Bruce Nauman has been widely acclaimed as a pioneer of performance art, durational practices, and time-based media. Emerging in the 1960s in the midst of Postminimalism and Conceptual Art, Nauman developed a radical approach to art making that has encompassed sculpture, sound, installation, film, and video. His work questions the very nature of what constitutes art and being an artist. It has also probed the possibilities and limitations of the performing body and explored the relationship between language and meaning, subject and object, viewer and participant.

Timothy Rub, the George D. Widener Director and CEO of the Philadelphia Museum of Art, stated: “We are delighted to join forces with the Pinault Collection to acquire these two major works by Nauman. While the monumental Contrapposto Studies, I through VII demonstrates Nauman’s ability to orchestrate space, movement, and sound, the intimate Walks In Walks Out captures Nauman in the process of creation in his studio. These acquisitions underscore the Museum’s commitment to presenting the most significant art of our time. I am delighted that these works have found a home here and in Europe, as Nauman continues to exert a strong influence on a younger generation of artists throughout the world.”

François Pinault stated: “Thanks to this joint acquisition, a major work by one the greatest artists of our time will be presented to a large international audience in the United States and Europe. Furthermore, this acquisition underlines the importance of Bruce Nauman’s works within Pinault Collection and the quality of the relationships Pinault Collection has built with the most important museums in the world.”

Contrapposto Studies, I through VII, which was recently presented at the Philadelphia Museum of Art, is among the largest and most ambitious works created by Nauman over the last two decades. It recalls Nauman’s seminal video work Walk with Contrapposto of 1968, in which the artist animates a pose originating in classical Greek sculpture that introduced dynamism to the representation of the human form. This recent work consists of seven large-scale video projections with sound in which the artist, walking in contrapposto, is rendered in both positive and negative, moving forwards and backwards. His body is at times digitally replicated, fragmented, and stacked in multiple horizontal strata.

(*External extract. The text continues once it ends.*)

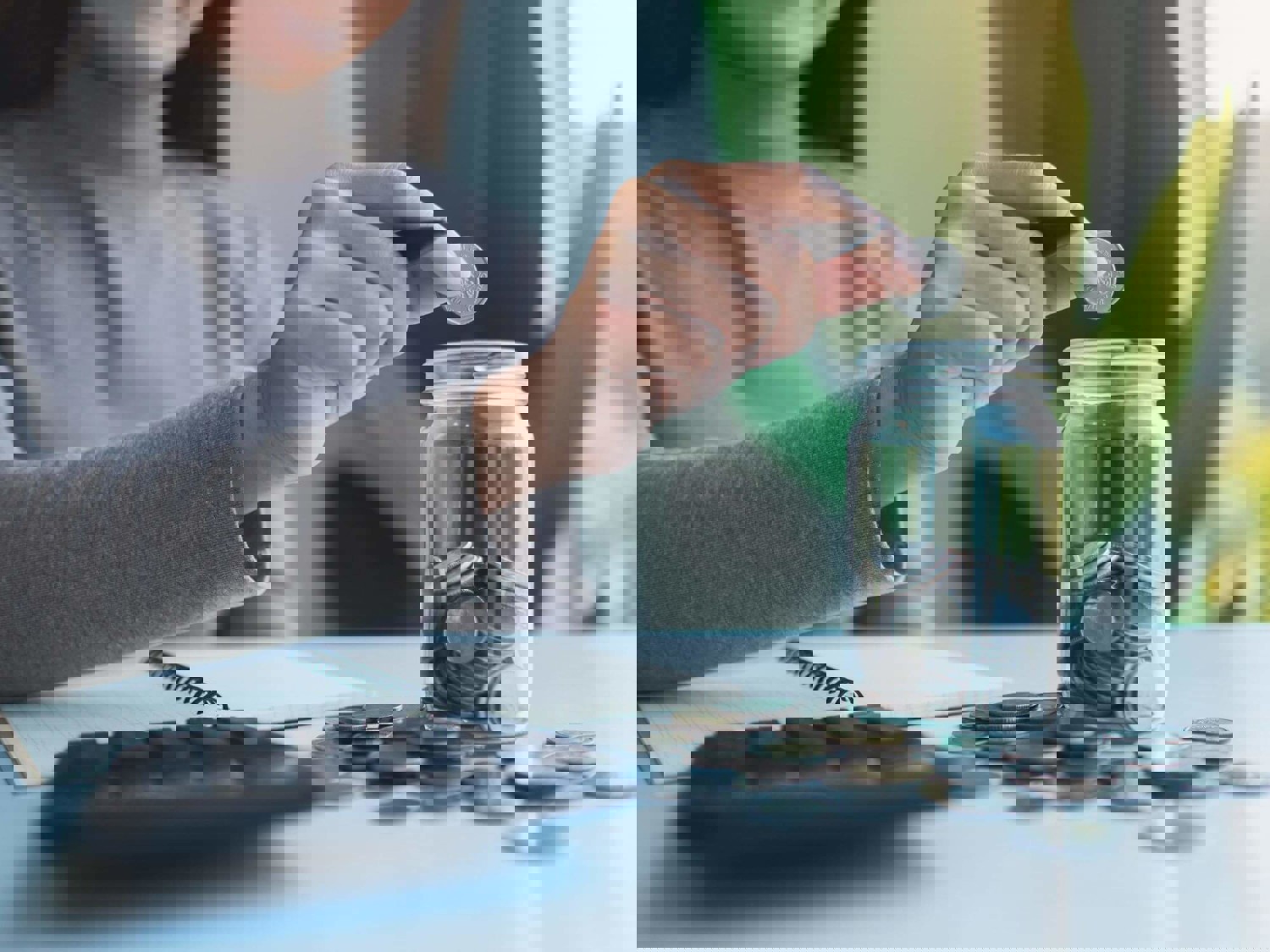 Girl counting coins in jar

Nauman’s single-channel video Walks In Walks Out, 2015, captures the artist in the process of making Contrapposto Studies, I through VII. He is seen walking into and out of the view of a camera as it projects a sequence from Contrapposto Studies, I through VII, onto his studio wall. Walking up to each image of his projected body seen on the wall, Nauman uses his own scale to establish the ideal dimensions of the video for public display. In its economic execution and seeming simplicity, the work conveys the visual relationship—and tension—between the artist and his projected image.

Carlos Basualdo, The Keith L. and Katherine Sachs Senior Curator of Contemporary Art, said: ”Bruce Nauman is one of the most profound and provocative artists working today. These two recent works together interrogate the ways in which our perception constructs—or distorts—our relation to reality. They also work on multiple levels, drawing both from art history and from Nauman’s own biography. They reflect Nauman’s unparalleled capacity to convey complex issues in his work with an exceptional economy of means.”

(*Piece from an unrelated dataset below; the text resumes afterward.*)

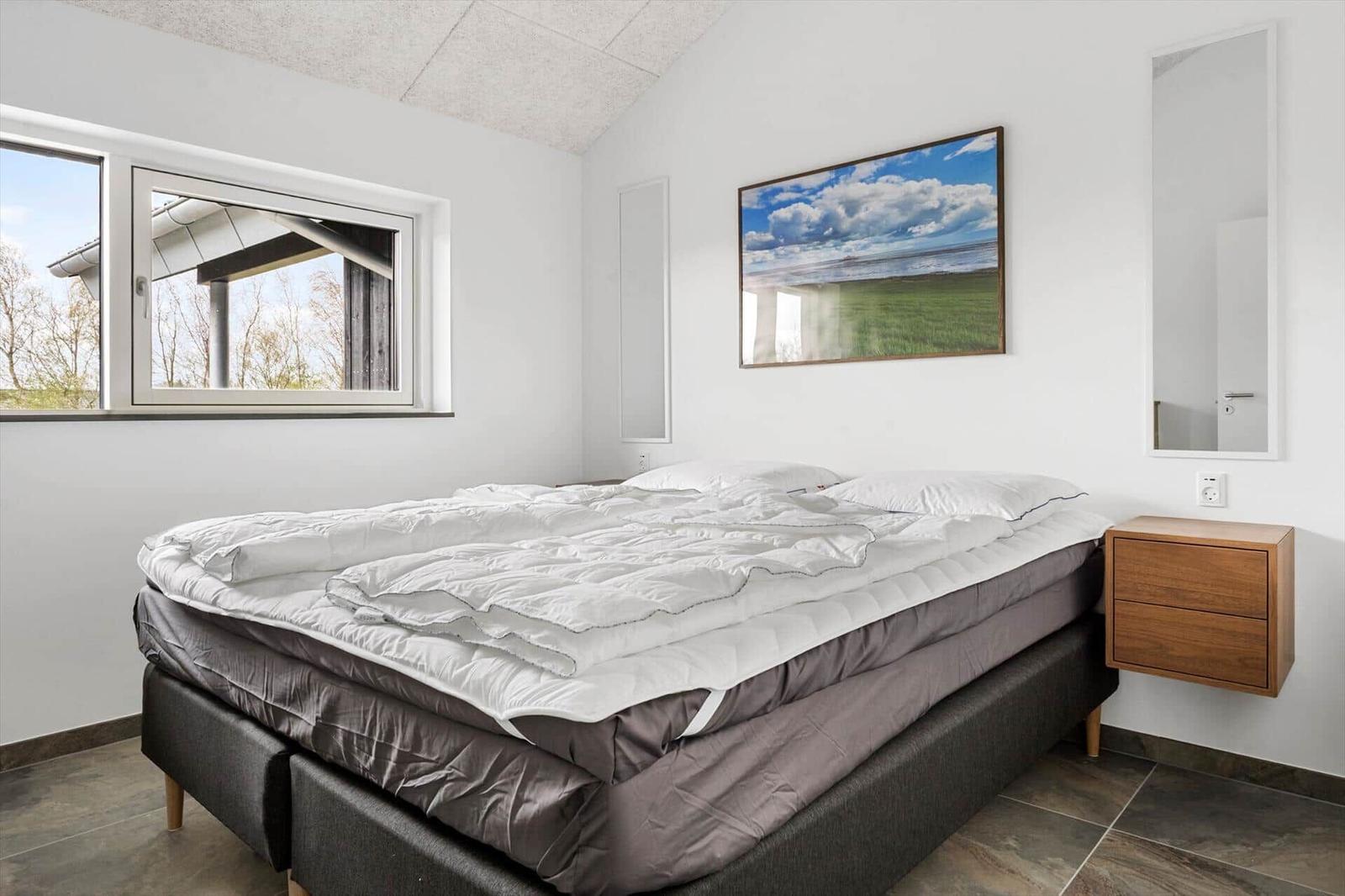Schlafzimmer mit Bett, Fenster, Wandbild und Nachttisch.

The acquisition of these two works enables the Philadelphia Museum of Art to more fully represent the most significant moments of Nauman’s career. In 2007, the Museum acquired Nauman’s iconic neon sign The True Artist Helps the World by Revealing Mystic Truths (Window or Wall Sign) that he produced in 1967. The Museum also holds seminal videos and films by Nauman, including: Dance or Exercise on the Perimeter of a Square (1967-68), Walk with Contrapposto (1968), and Wall-Floor Positions (1968). Contrapposto Studies, I through VII is the most ambitiously scaled work by Nauman to join the Museum’s collection, and Walks In Walks Out enables the Museum to present the artist’s recent work in multiple contexts.